Signed-off-by: Alex Williamson <alex.williamson@redhat.com>
---
drivers/iommu/dmar.c | 33 ++++++++++++++++++++++-----------
1 file changed, 22 insertions(+), 11 deletions(-)
diff --git a/drivers/iommu/dmar.c b/drivers/iommu/dmar.c
index 8ffd756..8f8bfff 100644
--- a/drivers/iommu/dmar.c
+++ b/drivers/iommu/dmar.c
@@ -1602,10 +1602,17 @@ irqreturn_t dmar_fault(int irq, void *dev_id)
int reg, fault_index;
u32 fault_status;
unsigned long flag;
+ bool ratelimited;
+ static DEFINE_RATELIMIT_STATE(rs,
+ DEFAULT_RATELIMIT_INTERVAL,
+ DEFAULT_RATELIMIT_BURST);
+
+ /* Disable printing, simply clear the fault when ratelimited */
+ ratelimited = !__ratelimit(&rs);
raw_spin_lock_irqsave(&iommu->register_lock, flag);
fault_status = readl(iommu->reg + DMAR_FSTS_REG);
- if (fault_status)
+ if (fault_status && !ratelimited)
pr_err("DRHD: handling fault status reg %x\n", fault_status);
/* TBD: ignore advanced fault log currently */
@@ -1627,24 +1634,28 @@ irqreturn_t dmar_fault(int irq, void *dev_id)
if (!(data & DMA_FRCD_F))
break;
- fault_reason = dma_frcd_fault_reason(data);
- type = dma_frcd_type(data);
+ if (!ratelimited) {
+ fault_reason = dma_frcd_fault_reason(data);
+ type = dma_frcd_type(data);
- data = readl(iommu->reg + reg +
- fault_index * PRIMARY_FAULT_REG_LEN + 8);
- source_id = dma_frcd_source_id(data);
+ data = readl(iommu->reg + reg +
+ fault_index * PRIMARY_FAULT_REG_LEN + 8);
+ source_id = dma_frcd_source_id(data);
+
+ guest_addr = dmar_readq(iommu->reg + reg +
+ fault_index * PRIMARY_FAULT_REG_LEN);
+ guest_addr = dma_frcd_page_addr(guest_addr);
+ }
- guest_addr = dmar_readq(iommu->reg + reg +
- fault_index * PRIMARY_FAULT_REG_LEN);
- guest_addr = dma_frcd_page_addr(guest_addr);
/* clear the fault */
writel(DMA_FRCD_F, iommu->reg + reg +
fault_index * PRIMARY_FAULT_REG_LEN + 12);
raw_spin_unlock_irqrestore(&iommu->register_lock, flag);
- dmar_fault_do_one(iommu, type, fault_reason,
- source_id, guest_addr);
+ if (!ratelimited)
+ dmar_fault_do_one(iommu, type, fault_reason,
+ source_id, guest_addr);
fault_index++;
if (fault_index >= cap_num_fault_regs(iommu->cap))

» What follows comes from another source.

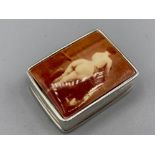 A silver pill box with nude enamel lidded panel, 20.1g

^ permalink raw reply related [flat|nested] 7+ messages in thread
* [PATCH v2 2/2] iommu/vt-d: Improve fault handler error messages
2016-03-17 20:12 [PATCH v2 0/2] iommu/vt-d: Fault logging improvements Alex Williamson
2016-03-17 20:12 ` [PATCH v2 1/2] iommu/vt-d: Ratelimit fault handler Alex Williamson
@ 2016-03-17 20:12 ` Alex Williamson
2016-03-17 20:25 ` [PATCH v2 0/2] iommu/vt-d: Fault logging improvements Joe Perches
2016-04-05 14:20 ` Joerg Roedel
3 siblings, 0 replies; 7+ messages in thread
From: Alex Williamson @ 2016-03-17 20:12 UTC (permalink / raw)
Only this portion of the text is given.